On the inpatient side, a trend toward mobility and virtualization has help eliminate potential gaps data security and privacy and increase access for clinicians. Recently, the New Jersey health system implemented a secure clinical communication tool called Imprivata Cortext to complement its virtualized desktop and single sign on functionalities.

“We’ve had something called mobile rounding in place for a long time and the physicians got used to it, but what happened is that you had to have a piece of software on your device and it didn’t let them to talk to each other,” explain Reed. “As texting became more ubiquitous and easier to use, they began using that and very quickly we all knew that that’s not a secure medium to do that, especially if you’re going to use PHI.”

The decision to implement the secure texting tool came about as a means of safeguarding even well-intentioned providers against themselves in a convenient way.

“Telling them not to doesn’t help because they are going to do it anyway,” Reed continues. “Everybody puts the same policies in place — we did just like everybody else — no texting allowed and it promptly gets ignored. We figured that we had to put something in place as an alternative so if you are going to talk to someone or if something does happen, we do have the secure texting tool.”

According to Reed, physicians sometimes cannot help themselves when working to improve the outcomes of their patients despite mandatory training about vulnerability and breaches. “So even though they know, they need to get something done. Physicians are the ultimate pragmatist. Sometimes there is that mentality — it won’t happen to me,” she reveals.

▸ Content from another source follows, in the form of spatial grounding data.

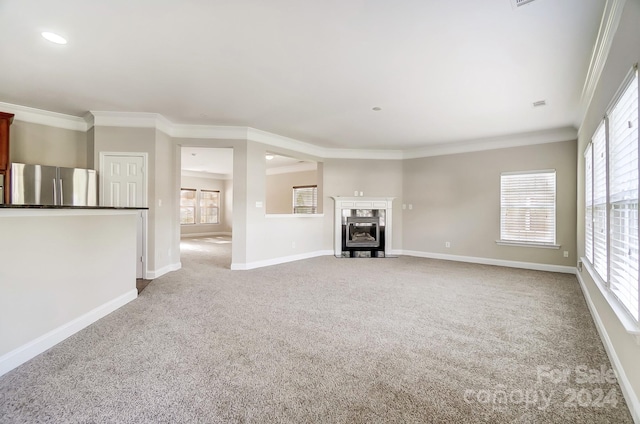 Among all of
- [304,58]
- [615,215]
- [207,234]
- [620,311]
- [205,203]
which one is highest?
[304,58]

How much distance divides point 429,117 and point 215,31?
11.1 feet

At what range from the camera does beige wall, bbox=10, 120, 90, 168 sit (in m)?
4.20

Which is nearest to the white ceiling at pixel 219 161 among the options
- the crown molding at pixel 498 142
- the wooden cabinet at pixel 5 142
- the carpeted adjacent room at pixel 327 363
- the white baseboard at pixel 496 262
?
the crown molding at pixel 498 142

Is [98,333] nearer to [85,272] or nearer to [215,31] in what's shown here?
[85,272]

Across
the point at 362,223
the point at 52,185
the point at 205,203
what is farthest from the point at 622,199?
the point at 205,203

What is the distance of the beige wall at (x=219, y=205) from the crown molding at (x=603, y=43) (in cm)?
1109

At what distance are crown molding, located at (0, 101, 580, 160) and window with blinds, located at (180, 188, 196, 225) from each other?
21.2 ft

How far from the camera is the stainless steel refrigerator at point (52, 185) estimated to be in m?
3.99

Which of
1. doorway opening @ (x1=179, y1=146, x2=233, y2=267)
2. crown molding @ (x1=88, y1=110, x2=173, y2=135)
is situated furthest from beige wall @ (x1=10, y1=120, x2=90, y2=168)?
doorway opening @ (x1=179, y1=146, x2=233, y2=267)

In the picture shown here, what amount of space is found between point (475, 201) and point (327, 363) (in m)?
5.29

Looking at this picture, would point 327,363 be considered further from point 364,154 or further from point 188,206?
point 188,206

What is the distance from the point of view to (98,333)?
8.40 feet

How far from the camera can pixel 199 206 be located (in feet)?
37.2

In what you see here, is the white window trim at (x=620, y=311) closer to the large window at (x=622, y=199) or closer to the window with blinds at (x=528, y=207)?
the large window at (x=622, y=199) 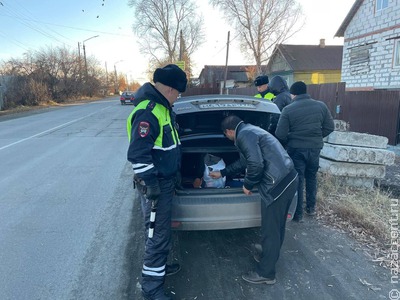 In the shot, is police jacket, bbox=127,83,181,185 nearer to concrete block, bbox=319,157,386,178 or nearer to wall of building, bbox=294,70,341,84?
concrete block, bbox=319,157,386,178

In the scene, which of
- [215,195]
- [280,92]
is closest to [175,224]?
[215,195]

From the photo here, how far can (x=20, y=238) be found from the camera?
3.80m

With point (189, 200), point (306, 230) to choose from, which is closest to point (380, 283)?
point (306, 230)

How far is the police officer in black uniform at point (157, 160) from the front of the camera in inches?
97.6

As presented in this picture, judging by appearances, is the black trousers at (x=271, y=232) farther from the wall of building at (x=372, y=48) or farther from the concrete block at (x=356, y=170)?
the wall of building at (x=372, y=48)

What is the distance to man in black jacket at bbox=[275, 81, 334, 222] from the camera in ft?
13.7

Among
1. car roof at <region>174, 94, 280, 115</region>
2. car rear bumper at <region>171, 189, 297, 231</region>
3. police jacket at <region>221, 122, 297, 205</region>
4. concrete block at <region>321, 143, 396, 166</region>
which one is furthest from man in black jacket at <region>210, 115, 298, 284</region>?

Ensuring privacy and security on the outpatient side
In her dealings with physician practices and extending the health system’s health data security and privacy practices there, Reed quickly realized that a different kind of approach was necessary to bring these outpatient settings into a compliant state. “It is still a concern when we acquire physician practices. Some of them are not hosted and running their own little servers sitting in an unlocked office somewhere under a desk,” she maintains.

The New Jersey health system has taken a direct approach to mitigating risk by putting boots on the ground.

“We go into the offices and do a walkthrough,” Reed explains. “We take a look at where their screens are placed, where all the technology is, where the printing winds up. We’ve also done a bit of social engineering testing — calling the office and seeing if you can work a password out of somebody. And it does happen at times. Having the HIPAA audit, having all the HITRUST stuff documented — we put that all in place.”

The process is particularly important for eligible professionals in the EHR Incentive Programs for whom meaningful users for whom the risk analysis is required and a major focus of auditors.

“As you look at meaningful use many folks skipped that piece,” argues Reed. “I don’t know if it just didn’t occur to them or they didn’t know what it meant. They had checked it off as doing it, but they never did. It’s fascinating.”

For these physicians, working with a regional extension center has paid off, says Reed. However, the risk is still there for those practices looking for a quick or cheap fix.

“It depends on who is doing meaningful use for some of these offices,” she observes. “Some of them were working with our regional extension center and got some good direction and tools from it, but the ones who were doing it on their own found it a little difficult. There are lots of people out there selling info-sec security assessments you can do yourself — that’s a little frightening.”

To reduce risk the Atlantic Health System has worked to move practices from an onsite to hosted EHR system before ultimately making one system available to these providers in the long run. “If we can move them to a hosted version, that’s probably the best option for us temporarily until we can start rolling everyone on to the single EMR,” adds Reed.

Until then, the onus is on providers in both settings to be trained and tested on their health data privacy and security practices.